Today’s
Scripture Reading (April 16, 2012): Job 37
I have a bad habit of forgetting my sun glasses when I am in the car.
Luckily, I also have a solution. I have started to keep my sun glasses in my
Mustang. When the sun shines, my glasses aren’t far away. But there is a second
problem. I only drive my Mustang in the summer. During the winter, the Mustang
is benched. But the sun isn’t. And with a liberal covering of snow on the
ground, the reflected power of the sun off the snow can be worse than the light
coming from the sun itself.
Elihu matches the brightness of the sun with the glory of God. His
argument is that we need to consider the sun. Even when the clouds cover the
sun, we know it is there. We can search the skies and not even catch a glimpse
of it, and yet the light that emanates from it is plainly visible. The sun can
be hidden, but not the effects of the sun. We can even see the sun after it has
set as we watch the moon. But when the wind clears the clouds away, the one
thing we can’t do is look directly into the sun. And because of that, for a
long period of our history the sun was a hard object to study.
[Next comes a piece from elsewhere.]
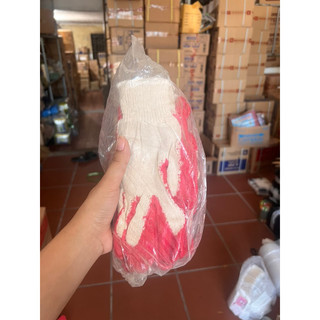 Combo 10 đôi Găng tay sợi phủ sơn đỏ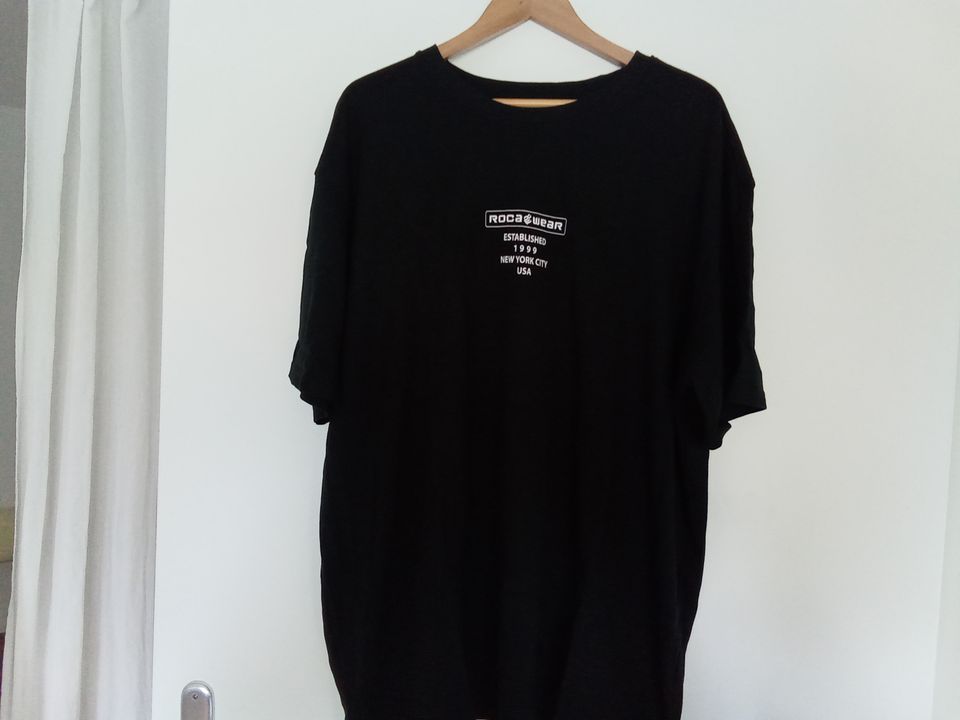 T-Shirt, Rocawear, schwarz, 3XL, neu! Versand kostenlos! in Lychen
Elihu questions how much we can really know of God. Like the sun, we can’t
look straight into his presence – his glory shines too brightly. But that doesn’t
mean that we can’t see what he does. And that we can’t infer what God is like
through the effect that he has on the world around us, just like we know about
the sun even when we can’t see it. But the difference is that we can see the
sun sometimes, even if we can’t stare at it.
The reader of the story of Job needs to be continually reminded that
they know more than the characters in the story. They know the conversation
between God and Satan that starts the story off. But the Christian also has two
revelations of God that the characters of the story just didn’t have; the Law
of Moses and the Ministry and Presence of Jesus Christ. These two revelations
are our glimpses of the sun. They tell us who God is and give us a starting
point from which we can interpret his actions.
There is a danger in interpreting the character of God strictly by his
actions just as there is a danger in interpreting our character by our actions.
What is missing is the glimpse of who we are, we need the starting point. And
for God, revelation tells us that the starting point is love.